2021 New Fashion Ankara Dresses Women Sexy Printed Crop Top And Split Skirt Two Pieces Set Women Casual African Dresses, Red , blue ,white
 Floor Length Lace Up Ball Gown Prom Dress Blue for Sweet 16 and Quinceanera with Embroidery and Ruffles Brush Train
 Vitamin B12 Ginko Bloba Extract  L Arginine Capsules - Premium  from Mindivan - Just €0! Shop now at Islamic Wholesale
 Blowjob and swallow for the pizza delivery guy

---*---

# WHAT IS EXPECTED
Find the line with "Vitamin B12 Ginko" in the listing. Reproduce it and all the lines after it, exactly, through the last line.

# RESULT OF THIS EXERCISE
 Vitamin B12 Ginko Bloba Extract  L Arginine Capsules - Premium  from Mindivan - Just €0! Shop now at Islamic Wholesale
 Blowjob and swallow for the pizza delivery guy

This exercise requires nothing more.